Start of Information supplied

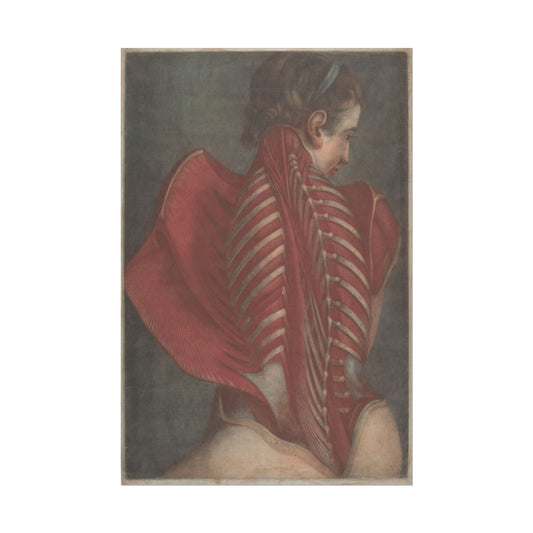 Woman's Back Dissection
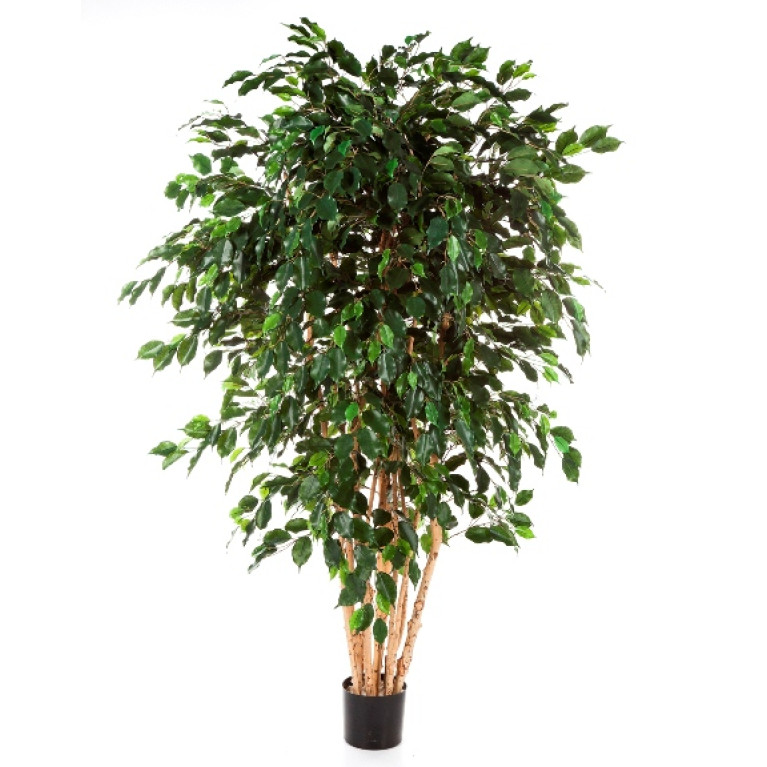 Kunstplant Ficus Multi 210 cm
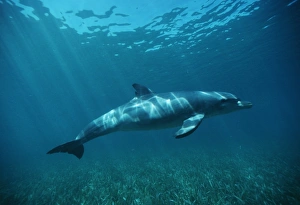 Bottlenose Dolphin over seagrass (Tursiops truncatus). Caribbean Bottlenose Dolphin over seagrass (Tursiops truncatus). Caribbean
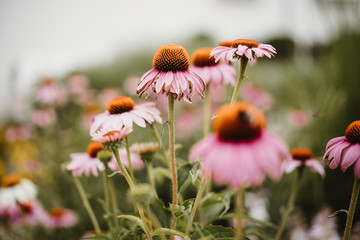 photo of flowers in the wild garden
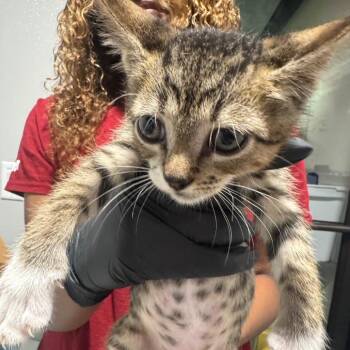 Hugo -  Domestic Short Hair Cat for Adoption in Tampa, Florida - Hugo | PetCurious
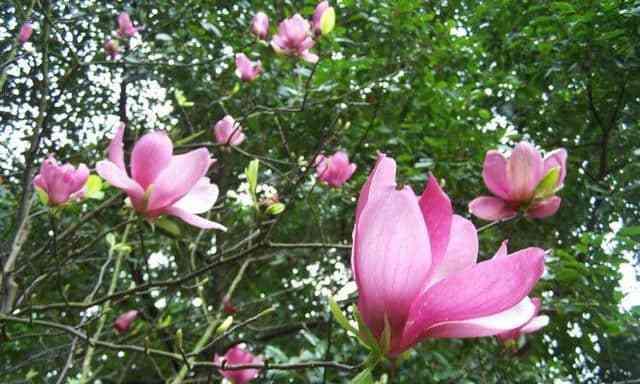 木兰花花语的含义与魅力（探索木兰花的花语及其深层意义）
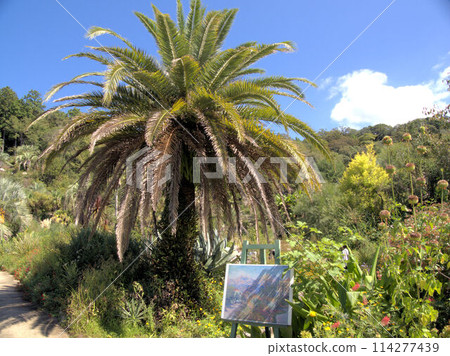 北川村「莫內花園」土撥鼠的波迪格拉花園 高知縣安藝郡北川村Notomoko 114277439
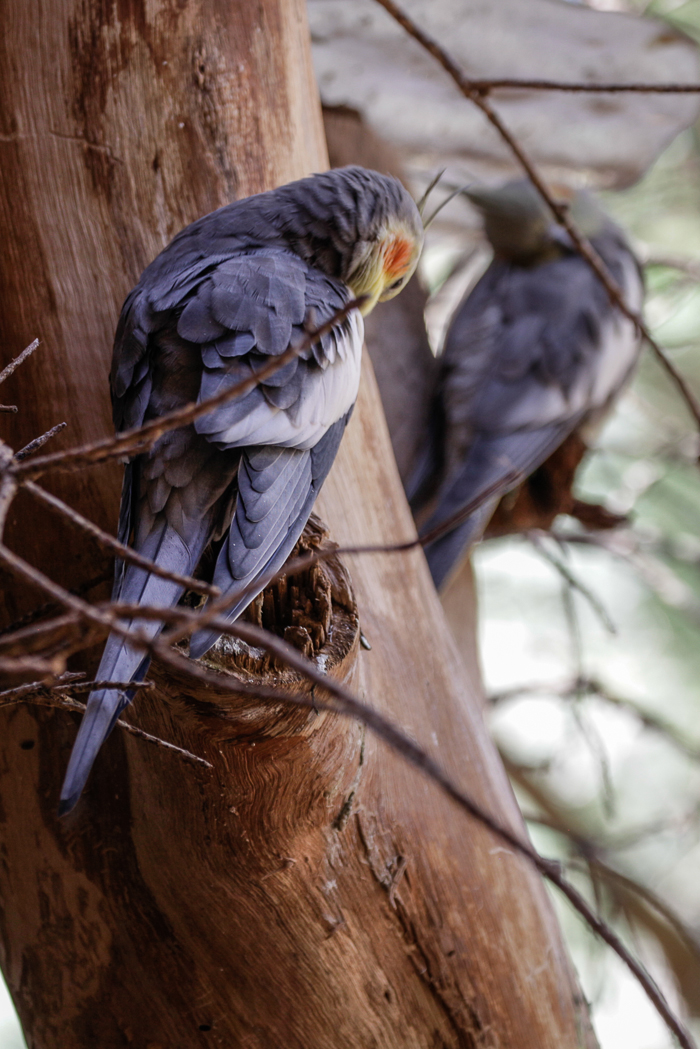 slideshow image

End of Information supplied

Exercise instructions: Take the line containing "木兰花花语的含义与魅力（探索木兰花的花语及其深层意义）" and every line after it to the end of the records, and restate them verbatim, with no pictures.

Result of the exercise:
 木兰花花语的含义与魅力（探索木兰花的花语及其深层意义）
 北川村「莫內花園」土撥鼠的波迪格拉花園 高知縣安藝郡北川村Notomoko 114277439
 slideshow image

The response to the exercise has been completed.